No need to go into the challenges of a woman running for president – or those facing a San Francisco liberal whose approval rating stood at 11 percent when it was measured by CBS last month.
The toughest bill?
If you guessed the landmark health care overhaul, you’re wrong.
“[The] most difficult one I have had in this past year is to get our members to vote for the war in Afghanistan and Iraq,” Pelosi said.
She also wants more women in the House: “We still don’t have enough –50 percent of the Congress— but it’s a lot better now.”
After the press conference, troop leader Pelosi guided a few dozen kids on a short tour.
Donnelly also made the same observation about Pelosi that got Sen. Tom Coburn (R-Okla.) a round of raised eyebrows from conservatives.
“She was nice,” Donnelly said – adding that the speaker was “funny,” too.
The biggest kick sprang from Pelosi’s admission that she was more consumed with Elvis than Eisenhower as a youngster.
“When I was your age, I wanted to be a teenager,” she told the youngest set of kids. “It was a great time to be a teenager. Elvis came on the scene … my interest was more in Elvis than who was president.”
She told the kids that kicking off her dance shoes to run for office hadn’t yet crossed her mind when she was their age.

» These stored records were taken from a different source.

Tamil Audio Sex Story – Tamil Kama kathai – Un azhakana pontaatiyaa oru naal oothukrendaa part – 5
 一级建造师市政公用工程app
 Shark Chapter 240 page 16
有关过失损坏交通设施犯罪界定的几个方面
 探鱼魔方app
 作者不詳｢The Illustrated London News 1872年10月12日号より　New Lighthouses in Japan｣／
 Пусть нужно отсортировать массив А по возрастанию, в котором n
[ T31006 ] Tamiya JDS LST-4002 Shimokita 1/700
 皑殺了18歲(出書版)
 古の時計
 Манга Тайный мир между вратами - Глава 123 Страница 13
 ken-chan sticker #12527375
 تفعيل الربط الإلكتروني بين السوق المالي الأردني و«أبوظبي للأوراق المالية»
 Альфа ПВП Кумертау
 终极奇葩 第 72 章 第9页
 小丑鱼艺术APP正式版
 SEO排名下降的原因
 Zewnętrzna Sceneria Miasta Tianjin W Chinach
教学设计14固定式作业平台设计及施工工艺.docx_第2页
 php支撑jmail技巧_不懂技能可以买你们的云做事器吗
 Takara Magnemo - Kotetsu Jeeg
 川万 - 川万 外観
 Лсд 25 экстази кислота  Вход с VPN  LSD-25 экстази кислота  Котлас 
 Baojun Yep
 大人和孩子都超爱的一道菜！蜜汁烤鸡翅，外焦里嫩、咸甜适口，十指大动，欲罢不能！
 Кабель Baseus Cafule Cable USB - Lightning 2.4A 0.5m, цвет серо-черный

“Every step of the way I loved what I was doing, but I certainly had no interest in being speaker of the House,” she said. “And I certainly had no interest in running for office.”
Majority Leader Steny Hoyer of Maryland, who usually cuts a rug with the speaker at the annual Democratic Issues Conference, says Pelosi can still make her way around the dance hall.
“We’re good partners both on the House floor and the dance floor,” he said.
Pelosi didn’t have to show off her skills on Thursday, though. No need to tap-dance around the kids’ questions.